#### [Problem to work on]
In the entries that follow, find the line containing "Kinder sollten lernen" and the line containing "1-к кв. Самарская", then copy exactly everything from the first through the second except the pictures.

#### [Working data]
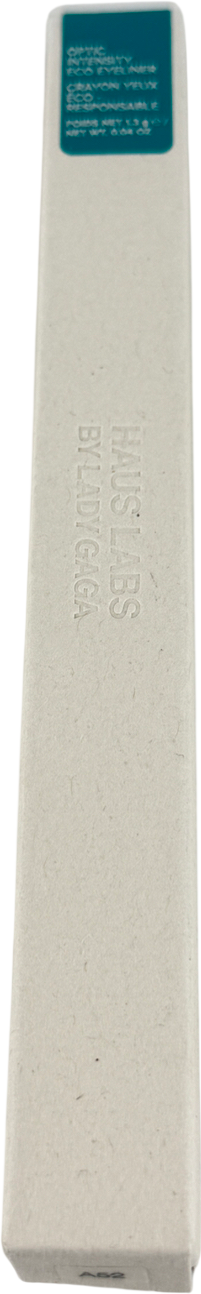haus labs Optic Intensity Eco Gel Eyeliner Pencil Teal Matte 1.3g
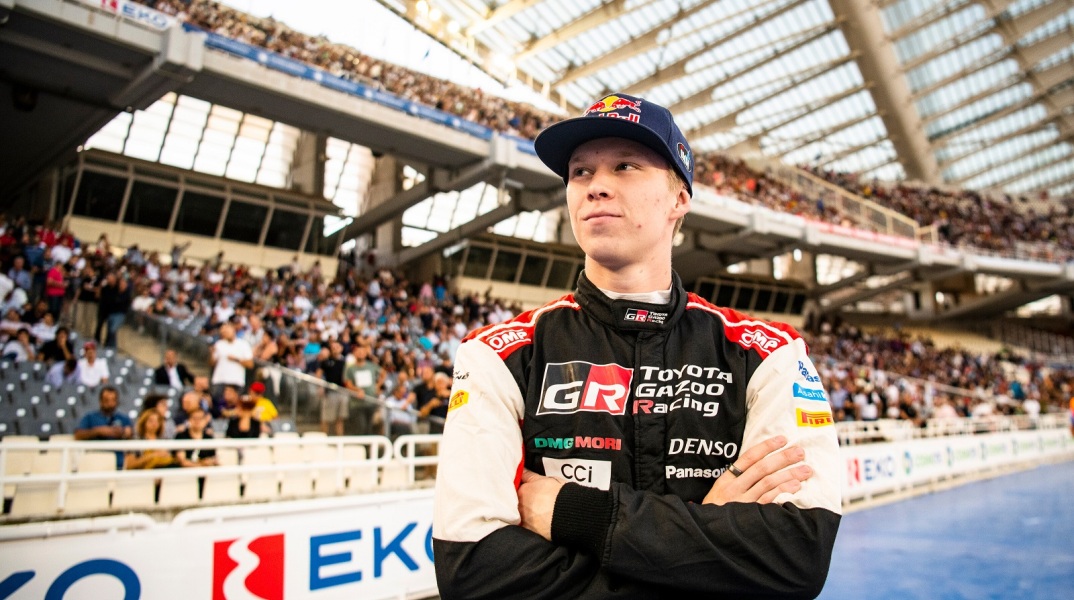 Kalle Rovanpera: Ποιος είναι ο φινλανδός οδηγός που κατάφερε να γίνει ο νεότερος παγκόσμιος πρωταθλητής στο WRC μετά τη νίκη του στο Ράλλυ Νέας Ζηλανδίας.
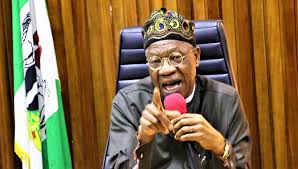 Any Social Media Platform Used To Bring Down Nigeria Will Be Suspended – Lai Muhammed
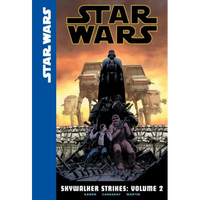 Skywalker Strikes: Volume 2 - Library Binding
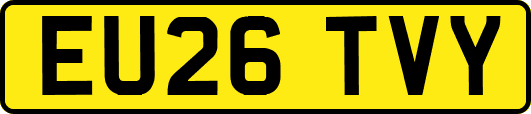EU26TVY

* * *

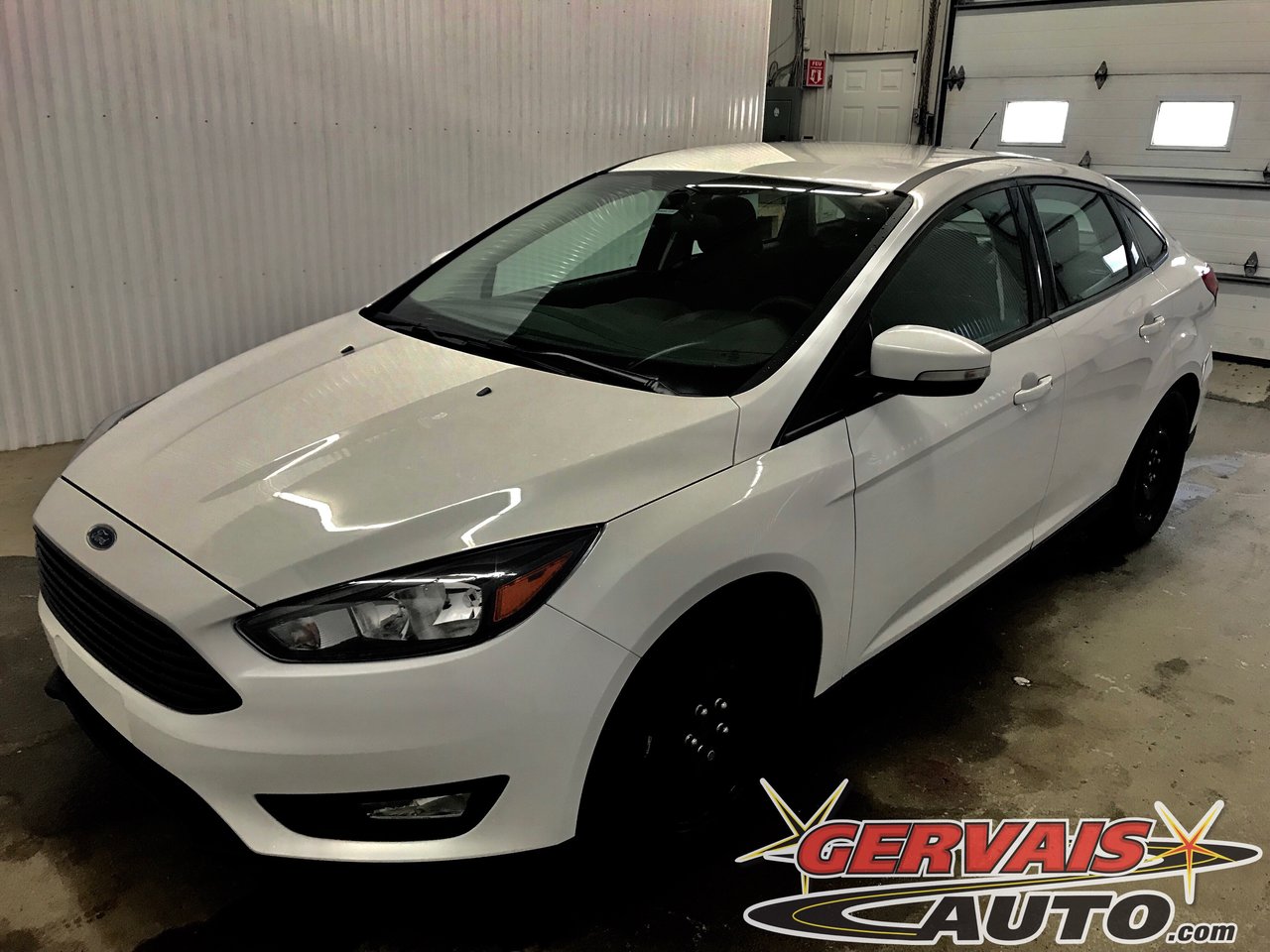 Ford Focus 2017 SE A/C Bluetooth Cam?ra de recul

...

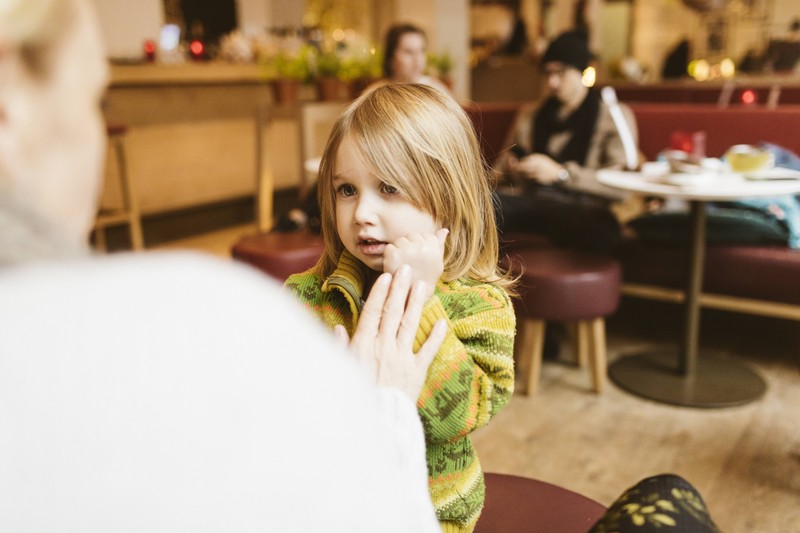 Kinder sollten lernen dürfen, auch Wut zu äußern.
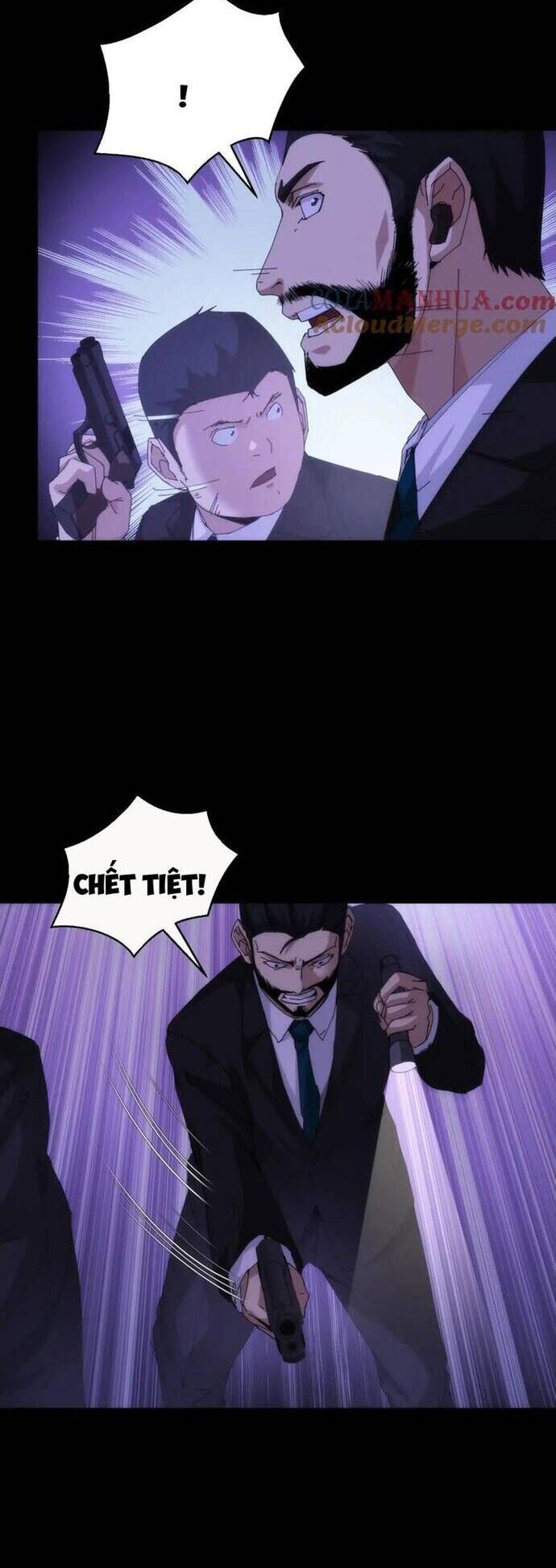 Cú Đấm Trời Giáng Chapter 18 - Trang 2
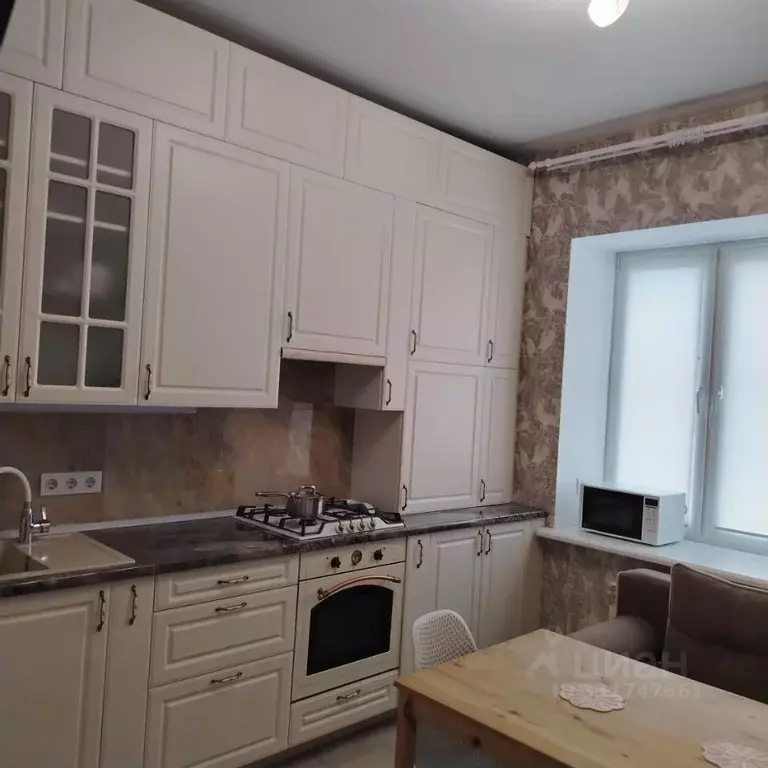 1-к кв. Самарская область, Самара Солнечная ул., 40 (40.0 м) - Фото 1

#### [Result of the task]
 Kinder sollten lernen dürfen, auch Wut zu äußern.
 Cú Đấm Trời Giáng Chapter 18 - Trang 2
 1-к кв. Самарская область, Самара Солнечная ул., 40 (40.0 м) - Фото 1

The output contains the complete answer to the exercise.